Het is duidelijk dat de hiervoor geschetste uiteenlopende veranderingen in bevolkingssamenstelling en in omgangsregels verschillende mogelijkheden biedt tot sociale integratie. Daarbij lijkt een aantal kenmerken van de bevolkingsamenstelling en van bewoners van groot belang: autochtoniteit versus allochtoniteit, homogeniteit versus heterogeniteit, verhuismobiliteit en mate van afhankelijkheid van de lokale situatie.

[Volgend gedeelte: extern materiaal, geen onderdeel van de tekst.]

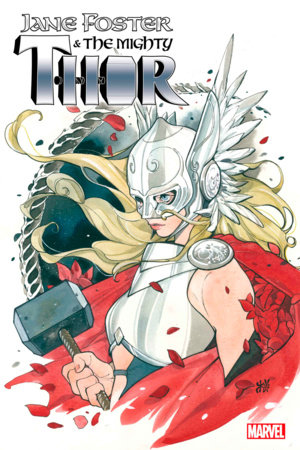JANE FOSTER & THE MIGHTY THOR 1 MOMOKO VARIANT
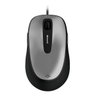 Mouse USB Microsoft Comfort 4500 4FD-00025 - Preto/Cinza - 1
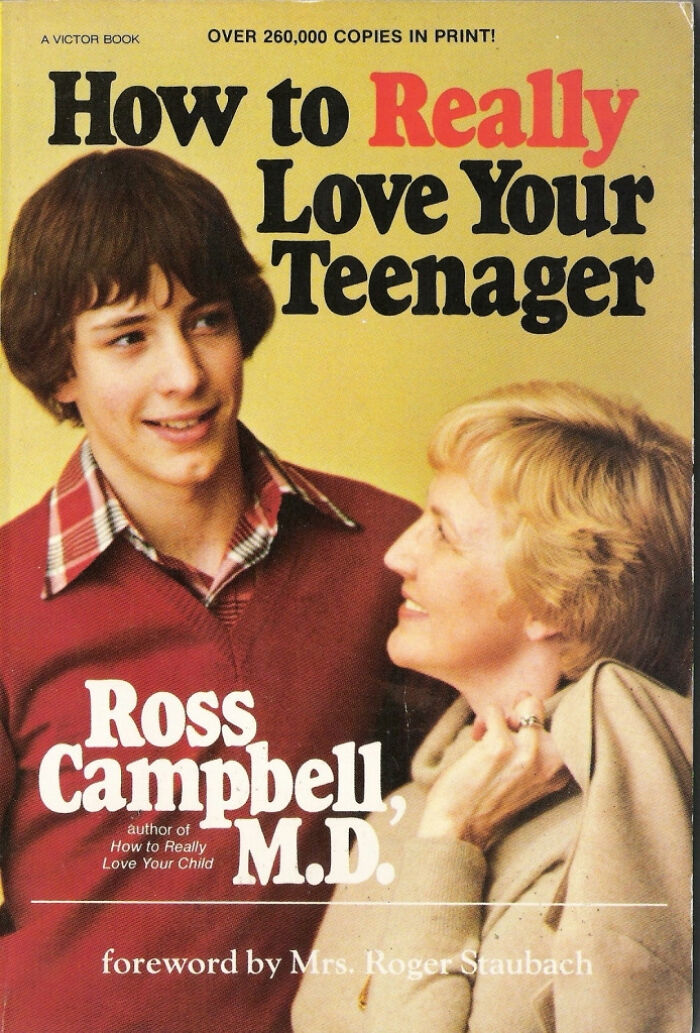 I Think Mom Has Taken This Too Literally...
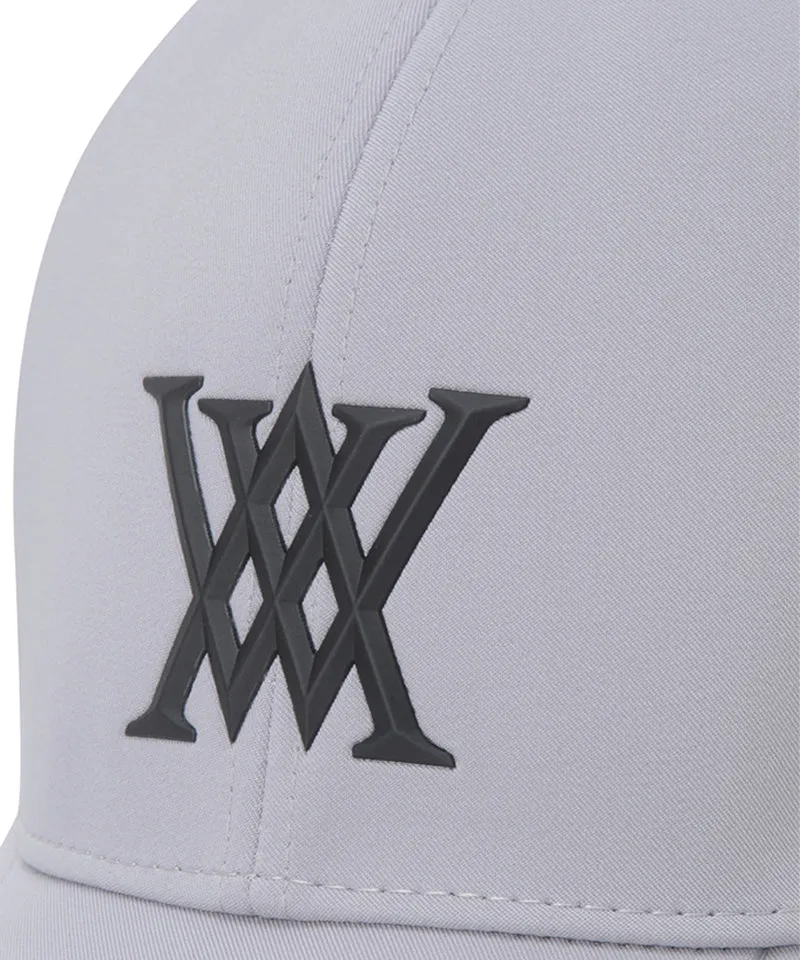 Anew Golf Uni Black Finish Punching Cap - Gray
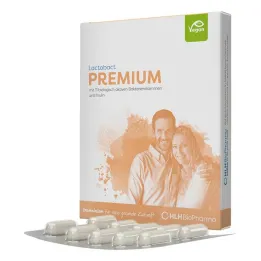 Lactobact Premium enterokapselit, 10 kpl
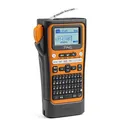 Produktbild: brother P-touch E310BT Beschriftungsgerät orange, schwarz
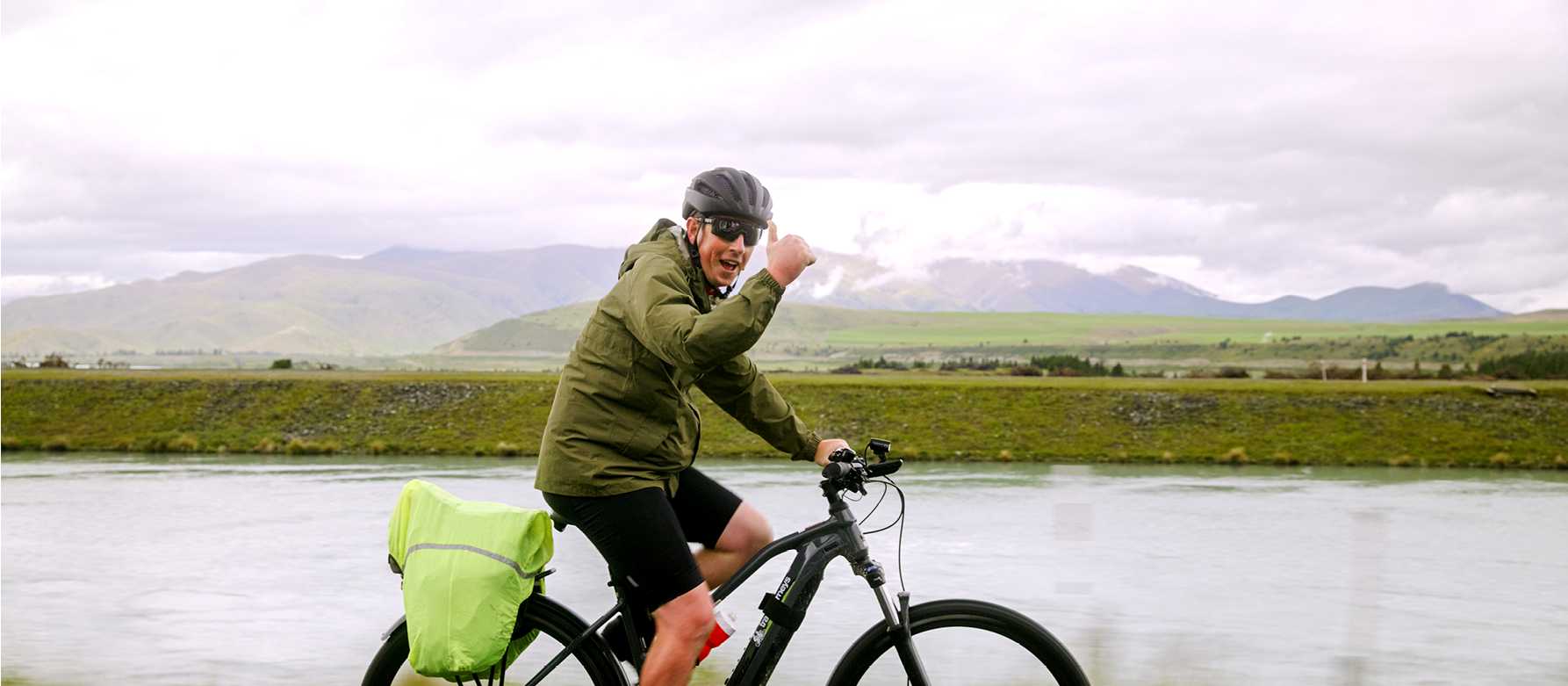 Cycling New Zealand's longest cycle trail with Trail Journeys | Matt de Vries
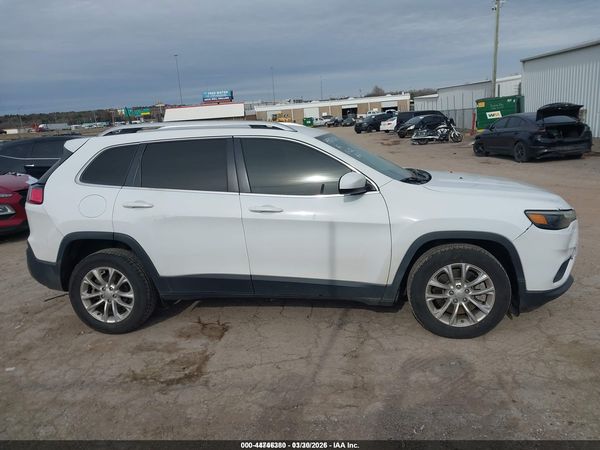 2019 JEEP CHEROKEE LATITUDE FWD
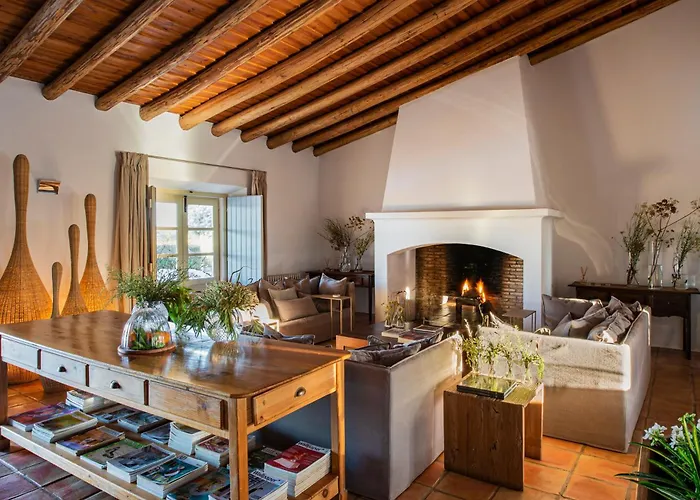 Herdade da Malhadinha Nova - Relais&Châteaux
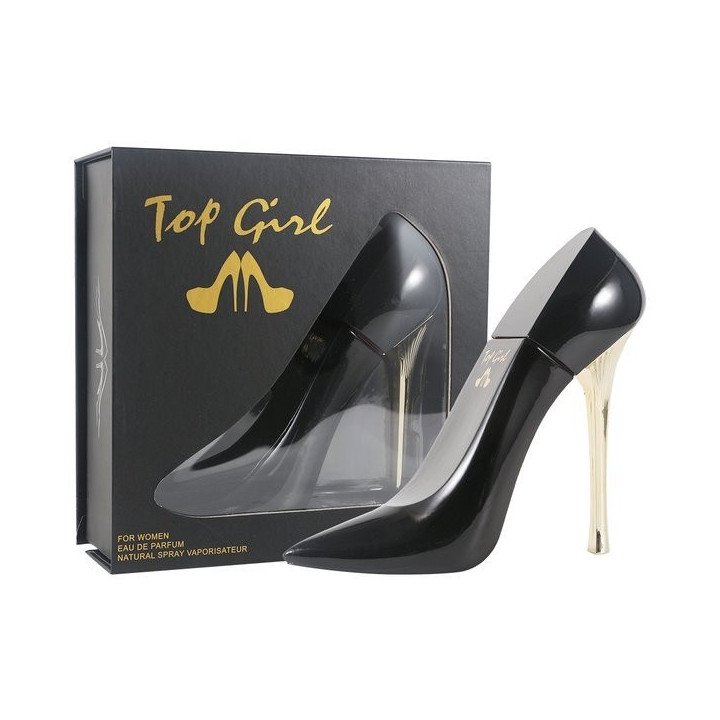 TOP GIRL BLACK 100ML TIVERTON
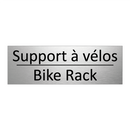 Support à vélos - Bike Rack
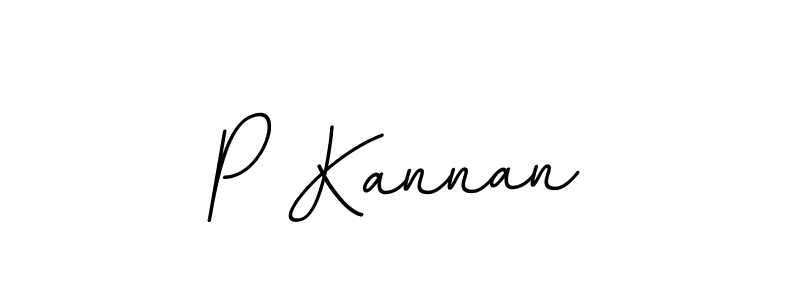 Check out images of Autograph of P Kannan name. Actor P Kannan Signature Style. BallpointsItalic-DORy9 is a professional sign style online. P Kannan signature style 11 images and pictures png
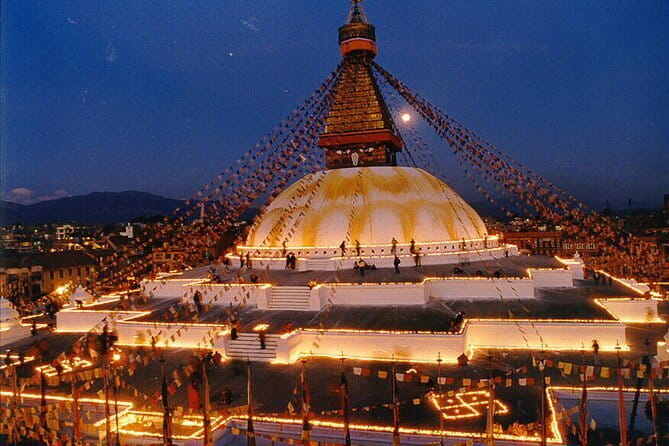 Kathmandu Heritage Day Tour - Four sides of Kathmandu in one half-day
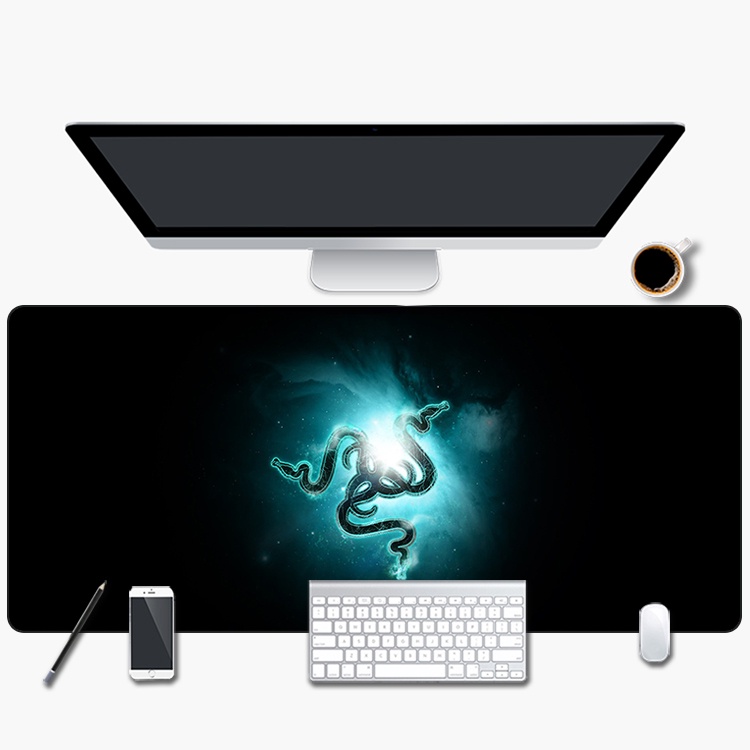 Miếng Lót Chuột Razer Cỡ Lớn 90cm X 40cm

Door onderzoekers wordt in het algemeen geconcludeerd dat de situatie in het autonome dorp of ‘community’ een aantal voordelen heeft boven een woondorp. Deze dorpen kennen een intensief informeel sociaal leven en een bloeiend verenigingsleven; de traditionele burenhulp is hier nog springlevend. Waar dit nog bestaat verdient het aanbeveling de situatie te koesteren. Maar als beleidsperspectief voor woondorpen voldoet deze niet meer; in woondorpen wordt immers steeds minder aan de daarvoor geldende voorwaarden voldaan. In de mooie en suburbane dorpen met een relatief homogene welvarende bevolking is de sociale integratie steeds meer op moderne leest gestoeld. Bewoners onderhouden relaties met dorpsgenoten op basis van gemeenschappelijke belangen en interesses en onderhouden daarnaast specifieke relaties met mensen elders. De homogeniteit garandeert een zekere gelijkgerichtheid in interesses. De welstand (in economische, sociale en culturele zin) van de bewoners zorgt bovendien voor een onproblematische integratie in gewestelijk verband.
In de schrale dorpen ligt de situatie anders. Door de heterogeniteit van de bevolking weet men elkaar weinig op basis van gedeelde belangen en interesses te vinden. Bovendien kennen deze dorpen een relatieve concentratie van ouderen, mensen met lage inkomens en uitkeringsgerechtigden die moeite hebben met het onderhouden van relaties op grotere afstand van hun dorp.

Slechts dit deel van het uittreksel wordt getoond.